Excerpted data: Begin
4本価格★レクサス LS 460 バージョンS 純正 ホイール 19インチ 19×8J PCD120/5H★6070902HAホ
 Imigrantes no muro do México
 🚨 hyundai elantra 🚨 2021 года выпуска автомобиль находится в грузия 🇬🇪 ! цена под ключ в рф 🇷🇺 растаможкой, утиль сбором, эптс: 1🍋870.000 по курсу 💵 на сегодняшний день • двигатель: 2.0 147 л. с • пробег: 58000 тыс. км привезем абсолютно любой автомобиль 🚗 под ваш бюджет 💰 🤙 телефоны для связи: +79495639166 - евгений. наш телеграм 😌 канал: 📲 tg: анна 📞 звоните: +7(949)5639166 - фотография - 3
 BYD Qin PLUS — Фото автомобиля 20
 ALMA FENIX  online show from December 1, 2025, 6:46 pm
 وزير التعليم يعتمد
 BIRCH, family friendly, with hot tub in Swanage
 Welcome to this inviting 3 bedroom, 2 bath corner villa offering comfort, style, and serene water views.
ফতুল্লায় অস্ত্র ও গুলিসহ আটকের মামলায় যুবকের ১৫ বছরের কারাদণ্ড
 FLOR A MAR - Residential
Excerpted data: End
Task →
The records above should be restated word for word in their entirety.

Exercise result →
4本価格★レクサス LS 460 バージョンS 純正 ホイール 19インチ 19×8J PCD120/5H★6070902HAホ
 Imigrantes no muro do México
 🚨 hyundai elantra 🚨 2021 года выпуска автомобиль находится в грузия 🇬🇪 ! цена под ключ в рф 🇷🇺 растаможкой, утиль сбором, эптс: 1🍋870.000 по курсу 💵 на сегодняшний день • двигатель: 2.0 147 л. с • пробег: 58000 тыс. км привезем абсолютно любой автомобиль 🚗 под ваш бюджет 💰 🤙 телефоны для связи: +79495639166 - евгений. наш телеграм 😌 канал: 📲 tg: анна 📞 звоните: +7(949)5639166 - фотография - 3
 BYD Qin PLUS — Фото автомобиля 20
 ALMA FENIX  online show from December 1, 2025, 6:46 pm
 وزير التعليم يعتمد
 BIRCH, family friendly, with hot tub in Swanage
 Welcome to this inviting 3 bedroom, 2 bath corner villa offering comfort, style, and serene water views.
ফতুল্লায় অস্ত্র ও গুলিসহ আটকের মামলায় যুবকের ১৫ বছরের কারাদণ্ড
 FLOR A MAR - Residential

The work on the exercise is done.